Quotulatiousness

April 2, 2019

The not-so-ancient extinction of Madagascar’s megafauna

Filed under: Africa, Environment, History, Science — Tags: , , , , — Nicholas @ 03:00

At The Conversation, Nick Scroxton, Laurie Godfrey, and Stephen Burns discuss their new theory on the megafauna extinction in Madagascar just over a thousand years ago:

Giant 10-foot-tall elephant birds, with eggs eight times larger than an ostrich’s. Sloth lemurs bigger than a panda, weighing in at 350 pounds. A puma-like predator called the giant fosa.

They sound like characters in a child’s fantasy book, but along with dozens of other species, they once really roamed the landscape of Madagascar. Then, after millions of years of evolution in the middle of the Indian Ocean, the populations crashed in just a couple of centuries.

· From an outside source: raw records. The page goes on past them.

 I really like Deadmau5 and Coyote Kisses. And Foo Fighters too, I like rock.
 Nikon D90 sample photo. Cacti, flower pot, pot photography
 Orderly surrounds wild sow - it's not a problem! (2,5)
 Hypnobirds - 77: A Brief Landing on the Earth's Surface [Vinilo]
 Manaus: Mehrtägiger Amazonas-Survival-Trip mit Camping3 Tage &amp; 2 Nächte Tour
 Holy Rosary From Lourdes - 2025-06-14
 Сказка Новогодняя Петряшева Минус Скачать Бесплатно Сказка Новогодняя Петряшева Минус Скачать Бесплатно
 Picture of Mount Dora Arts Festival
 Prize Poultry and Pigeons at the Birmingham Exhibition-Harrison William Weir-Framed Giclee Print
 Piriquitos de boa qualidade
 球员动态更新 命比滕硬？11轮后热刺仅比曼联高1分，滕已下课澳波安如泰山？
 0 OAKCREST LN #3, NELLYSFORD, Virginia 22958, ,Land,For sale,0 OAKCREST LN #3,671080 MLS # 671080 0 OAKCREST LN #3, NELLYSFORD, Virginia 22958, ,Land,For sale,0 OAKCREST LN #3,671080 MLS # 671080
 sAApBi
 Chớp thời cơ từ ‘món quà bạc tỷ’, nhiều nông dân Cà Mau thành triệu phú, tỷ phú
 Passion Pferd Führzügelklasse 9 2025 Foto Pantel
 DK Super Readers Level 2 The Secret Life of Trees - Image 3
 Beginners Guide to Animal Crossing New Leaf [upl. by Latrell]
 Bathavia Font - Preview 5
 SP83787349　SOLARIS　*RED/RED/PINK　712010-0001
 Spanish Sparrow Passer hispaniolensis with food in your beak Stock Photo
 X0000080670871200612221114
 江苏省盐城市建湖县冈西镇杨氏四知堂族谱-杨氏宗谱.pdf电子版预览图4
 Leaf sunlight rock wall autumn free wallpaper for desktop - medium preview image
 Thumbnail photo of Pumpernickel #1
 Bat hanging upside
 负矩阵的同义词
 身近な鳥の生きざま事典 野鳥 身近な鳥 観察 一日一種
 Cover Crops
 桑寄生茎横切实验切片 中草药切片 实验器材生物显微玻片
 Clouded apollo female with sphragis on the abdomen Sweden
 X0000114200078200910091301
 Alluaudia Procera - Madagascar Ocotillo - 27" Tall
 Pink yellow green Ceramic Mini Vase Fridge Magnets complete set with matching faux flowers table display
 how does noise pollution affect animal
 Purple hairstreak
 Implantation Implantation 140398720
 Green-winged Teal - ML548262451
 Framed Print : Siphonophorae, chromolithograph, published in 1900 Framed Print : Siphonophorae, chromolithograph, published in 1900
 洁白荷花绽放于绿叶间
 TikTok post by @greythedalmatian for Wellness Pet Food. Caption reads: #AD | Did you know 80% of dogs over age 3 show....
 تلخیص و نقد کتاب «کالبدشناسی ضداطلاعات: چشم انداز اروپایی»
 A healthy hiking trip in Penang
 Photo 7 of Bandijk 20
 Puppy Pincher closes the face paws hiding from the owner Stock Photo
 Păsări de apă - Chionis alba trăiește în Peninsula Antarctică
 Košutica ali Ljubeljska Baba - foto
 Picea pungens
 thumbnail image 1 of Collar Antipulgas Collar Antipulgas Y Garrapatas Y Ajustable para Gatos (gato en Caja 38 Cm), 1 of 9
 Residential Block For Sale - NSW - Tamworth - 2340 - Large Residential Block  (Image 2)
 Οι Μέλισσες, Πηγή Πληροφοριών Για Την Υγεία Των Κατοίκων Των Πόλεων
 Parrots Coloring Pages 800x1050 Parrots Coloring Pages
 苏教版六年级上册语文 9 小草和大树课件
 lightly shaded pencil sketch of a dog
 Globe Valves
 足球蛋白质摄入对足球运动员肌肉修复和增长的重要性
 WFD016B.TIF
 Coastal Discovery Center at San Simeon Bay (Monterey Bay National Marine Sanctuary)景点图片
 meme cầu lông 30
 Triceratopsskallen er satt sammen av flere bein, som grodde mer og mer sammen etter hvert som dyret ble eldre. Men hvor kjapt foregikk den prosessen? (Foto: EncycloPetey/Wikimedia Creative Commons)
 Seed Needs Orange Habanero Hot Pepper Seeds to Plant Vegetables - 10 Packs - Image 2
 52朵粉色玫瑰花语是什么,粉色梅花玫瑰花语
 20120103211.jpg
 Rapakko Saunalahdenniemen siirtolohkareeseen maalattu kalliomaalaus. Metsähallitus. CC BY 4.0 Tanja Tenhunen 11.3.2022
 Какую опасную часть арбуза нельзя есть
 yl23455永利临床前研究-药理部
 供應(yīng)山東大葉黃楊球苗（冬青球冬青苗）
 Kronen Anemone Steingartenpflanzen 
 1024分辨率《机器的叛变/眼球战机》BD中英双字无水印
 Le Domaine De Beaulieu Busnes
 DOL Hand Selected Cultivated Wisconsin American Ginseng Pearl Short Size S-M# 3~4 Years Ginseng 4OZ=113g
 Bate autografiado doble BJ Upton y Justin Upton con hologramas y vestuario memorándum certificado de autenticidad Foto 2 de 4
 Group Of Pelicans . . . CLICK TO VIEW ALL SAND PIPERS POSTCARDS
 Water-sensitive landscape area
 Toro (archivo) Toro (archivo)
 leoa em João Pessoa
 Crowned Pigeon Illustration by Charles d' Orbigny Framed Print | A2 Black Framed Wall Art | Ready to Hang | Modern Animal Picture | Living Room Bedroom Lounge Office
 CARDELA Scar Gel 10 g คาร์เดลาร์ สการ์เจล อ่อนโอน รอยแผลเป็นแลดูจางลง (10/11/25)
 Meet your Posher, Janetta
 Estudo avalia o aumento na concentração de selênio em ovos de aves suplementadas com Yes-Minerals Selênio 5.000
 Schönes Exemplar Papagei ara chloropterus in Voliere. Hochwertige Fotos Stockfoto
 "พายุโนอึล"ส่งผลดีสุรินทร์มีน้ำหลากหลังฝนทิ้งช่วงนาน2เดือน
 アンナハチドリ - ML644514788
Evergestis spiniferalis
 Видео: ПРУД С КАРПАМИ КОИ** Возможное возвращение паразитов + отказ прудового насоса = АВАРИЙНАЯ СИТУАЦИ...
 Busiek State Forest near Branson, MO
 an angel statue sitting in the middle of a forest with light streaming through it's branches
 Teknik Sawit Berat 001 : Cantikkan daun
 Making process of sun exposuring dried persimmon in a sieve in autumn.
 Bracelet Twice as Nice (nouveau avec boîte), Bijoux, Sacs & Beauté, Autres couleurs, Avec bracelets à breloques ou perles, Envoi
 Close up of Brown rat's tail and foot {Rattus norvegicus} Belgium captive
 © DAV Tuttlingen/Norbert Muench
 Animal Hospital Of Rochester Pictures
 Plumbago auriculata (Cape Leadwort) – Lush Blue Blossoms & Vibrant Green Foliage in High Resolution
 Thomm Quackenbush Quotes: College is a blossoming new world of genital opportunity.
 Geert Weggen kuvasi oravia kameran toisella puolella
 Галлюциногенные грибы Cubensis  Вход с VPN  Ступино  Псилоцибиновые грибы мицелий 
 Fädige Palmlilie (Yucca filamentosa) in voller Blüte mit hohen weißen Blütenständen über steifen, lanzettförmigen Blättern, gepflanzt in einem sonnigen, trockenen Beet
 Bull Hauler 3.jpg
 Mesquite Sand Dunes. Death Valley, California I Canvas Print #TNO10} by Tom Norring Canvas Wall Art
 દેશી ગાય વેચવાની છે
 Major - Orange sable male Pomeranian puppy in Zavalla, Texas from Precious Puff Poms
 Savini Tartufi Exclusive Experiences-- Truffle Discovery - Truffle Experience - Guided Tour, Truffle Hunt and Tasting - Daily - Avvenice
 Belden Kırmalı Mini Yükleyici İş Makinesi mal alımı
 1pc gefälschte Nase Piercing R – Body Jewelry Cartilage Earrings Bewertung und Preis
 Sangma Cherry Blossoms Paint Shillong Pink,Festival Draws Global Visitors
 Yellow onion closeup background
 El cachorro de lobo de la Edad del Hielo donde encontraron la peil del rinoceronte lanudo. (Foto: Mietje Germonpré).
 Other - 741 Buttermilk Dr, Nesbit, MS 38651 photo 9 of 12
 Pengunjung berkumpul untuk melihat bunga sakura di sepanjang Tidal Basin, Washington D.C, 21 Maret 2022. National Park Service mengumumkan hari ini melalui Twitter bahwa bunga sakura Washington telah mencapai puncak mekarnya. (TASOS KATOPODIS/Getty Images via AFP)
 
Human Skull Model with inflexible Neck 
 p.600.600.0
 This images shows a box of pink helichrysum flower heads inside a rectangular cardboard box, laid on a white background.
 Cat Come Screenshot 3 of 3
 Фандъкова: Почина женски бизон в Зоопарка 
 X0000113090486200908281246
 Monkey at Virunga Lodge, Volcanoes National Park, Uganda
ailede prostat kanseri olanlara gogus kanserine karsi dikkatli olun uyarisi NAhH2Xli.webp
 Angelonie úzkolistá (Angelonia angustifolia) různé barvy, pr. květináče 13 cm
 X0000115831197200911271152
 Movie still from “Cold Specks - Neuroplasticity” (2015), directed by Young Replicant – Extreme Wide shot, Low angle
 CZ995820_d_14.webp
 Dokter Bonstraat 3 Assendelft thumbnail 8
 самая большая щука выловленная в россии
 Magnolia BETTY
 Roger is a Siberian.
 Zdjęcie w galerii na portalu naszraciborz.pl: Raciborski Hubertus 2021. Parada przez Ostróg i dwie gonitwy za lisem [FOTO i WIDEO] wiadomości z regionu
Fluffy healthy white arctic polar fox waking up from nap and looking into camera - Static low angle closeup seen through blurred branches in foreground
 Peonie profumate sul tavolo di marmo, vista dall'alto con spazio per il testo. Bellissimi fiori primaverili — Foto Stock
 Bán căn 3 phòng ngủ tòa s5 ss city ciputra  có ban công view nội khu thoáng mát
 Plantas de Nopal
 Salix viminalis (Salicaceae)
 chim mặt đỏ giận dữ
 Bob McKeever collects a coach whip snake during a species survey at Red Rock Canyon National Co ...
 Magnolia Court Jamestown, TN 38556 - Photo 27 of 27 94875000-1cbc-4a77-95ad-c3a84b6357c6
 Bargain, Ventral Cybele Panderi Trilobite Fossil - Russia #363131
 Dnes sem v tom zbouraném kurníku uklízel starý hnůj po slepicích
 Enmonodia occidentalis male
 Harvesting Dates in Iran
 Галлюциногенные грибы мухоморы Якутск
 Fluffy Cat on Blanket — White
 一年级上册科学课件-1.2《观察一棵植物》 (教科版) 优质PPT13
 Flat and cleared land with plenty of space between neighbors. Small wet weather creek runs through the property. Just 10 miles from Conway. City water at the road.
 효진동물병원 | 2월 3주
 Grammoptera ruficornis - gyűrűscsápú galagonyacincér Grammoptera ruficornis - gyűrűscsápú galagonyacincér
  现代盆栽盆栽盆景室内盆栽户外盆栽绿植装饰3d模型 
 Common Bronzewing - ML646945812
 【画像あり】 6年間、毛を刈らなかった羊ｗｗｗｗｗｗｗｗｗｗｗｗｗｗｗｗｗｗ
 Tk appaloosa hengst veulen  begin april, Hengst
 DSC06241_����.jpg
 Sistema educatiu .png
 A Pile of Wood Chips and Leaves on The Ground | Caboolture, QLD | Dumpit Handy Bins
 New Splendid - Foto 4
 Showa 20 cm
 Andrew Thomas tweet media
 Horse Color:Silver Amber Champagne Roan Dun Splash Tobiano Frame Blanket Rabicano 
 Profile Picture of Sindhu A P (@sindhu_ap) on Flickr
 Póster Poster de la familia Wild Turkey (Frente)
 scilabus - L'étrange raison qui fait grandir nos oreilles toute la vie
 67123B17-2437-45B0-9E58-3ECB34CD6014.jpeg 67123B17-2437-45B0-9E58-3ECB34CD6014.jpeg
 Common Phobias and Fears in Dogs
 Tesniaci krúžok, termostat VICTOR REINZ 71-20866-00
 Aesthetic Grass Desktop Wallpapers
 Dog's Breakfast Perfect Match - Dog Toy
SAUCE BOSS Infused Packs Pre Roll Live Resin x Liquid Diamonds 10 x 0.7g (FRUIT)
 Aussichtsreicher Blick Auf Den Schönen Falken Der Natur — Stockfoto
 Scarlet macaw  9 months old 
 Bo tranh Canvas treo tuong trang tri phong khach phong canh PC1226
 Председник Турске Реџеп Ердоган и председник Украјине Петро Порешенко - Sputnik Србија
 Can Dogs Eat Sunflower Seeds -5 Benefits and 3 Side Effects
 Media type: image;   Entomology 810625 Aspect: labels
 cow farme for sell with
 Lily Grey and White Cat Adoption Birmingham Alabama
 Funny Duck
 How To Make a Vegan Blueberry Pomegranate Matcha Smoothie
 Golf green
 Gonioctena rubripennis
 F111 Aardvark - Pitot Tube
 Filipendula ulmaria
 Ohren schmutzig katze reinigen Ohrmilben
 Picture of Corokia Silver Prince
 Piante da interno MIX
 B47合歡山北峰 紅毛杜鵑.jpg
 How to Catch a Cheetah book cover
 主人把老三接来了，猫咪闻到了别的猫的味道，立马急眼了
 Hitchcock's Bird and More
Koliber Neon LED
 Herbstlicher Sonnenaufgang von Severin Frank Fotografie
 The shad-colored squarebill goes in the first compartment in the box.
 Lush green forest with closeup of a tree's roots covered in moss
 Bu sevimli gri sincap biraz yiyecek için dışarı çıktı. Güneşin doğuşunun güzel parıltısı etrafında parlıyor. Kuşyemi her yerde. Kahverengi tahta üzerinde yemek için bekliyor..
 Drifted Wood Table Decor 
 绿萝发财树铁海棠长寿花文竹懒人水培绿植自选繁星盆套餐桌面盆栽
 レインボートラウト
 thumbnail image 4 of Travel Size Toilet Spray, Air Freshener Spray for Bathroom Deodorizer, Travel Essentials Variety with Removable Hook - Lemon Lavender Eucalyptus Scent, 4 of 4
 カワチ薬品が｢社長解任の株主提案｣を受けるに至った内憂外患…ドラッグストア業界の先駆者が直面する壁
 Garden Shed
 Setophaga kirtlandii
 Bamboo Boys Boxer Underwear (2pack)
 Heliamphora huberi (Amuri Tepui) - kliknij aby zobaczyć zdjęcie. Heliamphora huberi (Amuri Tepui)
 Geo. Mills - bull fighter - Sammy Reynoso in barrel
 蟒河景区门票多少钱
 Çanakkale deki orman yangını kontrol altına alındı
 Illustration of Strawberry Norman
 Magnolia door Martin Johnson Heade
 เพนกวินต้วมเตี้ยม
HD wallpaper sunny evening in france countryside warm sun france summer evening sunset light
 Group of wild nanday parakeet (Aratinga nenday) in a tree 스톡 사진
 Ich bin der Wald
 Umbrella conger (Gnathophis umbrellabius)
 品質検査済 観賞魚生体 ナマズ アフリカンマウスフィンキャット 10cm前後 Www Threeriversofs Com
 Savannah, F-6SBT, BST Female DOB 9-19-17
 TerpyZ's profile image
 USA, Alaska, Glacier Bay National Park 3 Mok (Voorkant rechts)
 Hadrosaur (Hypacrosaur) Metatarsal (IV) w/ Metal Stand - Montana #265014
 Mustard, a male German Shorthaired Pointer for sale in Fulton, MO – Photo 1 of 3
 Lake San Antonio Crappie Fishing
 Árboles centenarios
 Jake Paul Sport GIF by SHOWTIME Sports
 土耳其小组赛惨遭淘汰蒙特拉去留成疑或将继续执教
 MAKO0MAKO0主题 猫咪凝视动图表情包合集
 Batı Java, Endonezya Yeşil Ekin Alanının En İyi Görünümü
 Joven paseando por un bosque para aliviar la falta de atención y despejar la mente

Scientists know that over the past 40,000 years, most of Earth’s megafauna – that is, animals human-size or larger – have gone extinct. Woolly mammoths, sabre tooth tigers and countless others no longer roam the planet.

What’s remarkable about the megafaunal crash in Madagascar is that it occurred not tens of thousands of years ago but just over 1,000 years ago, between A.D. 700 and 1000. And while some small populations survived a while longer, the damage was done in a relatively short amount of time. Why?

Over the last three years, new investigations into climate and land use patterns, human genetic diversity on the island and the dating of hundreds of fossils have fundamentally changed scientists’ understanding of the human and natural history of Madagascar. As two paleoclimatologists and a paleontologist, we brought together this research with new evidence of megafaunal butchery. In doing so we’ve created a new theory of how, why and when these Malagasy megafauna went extinct.

Many of the forests that originally existed on Madagascar are now replaced by more open, human-modified landscapes, like this palm savanna at Anjohibe.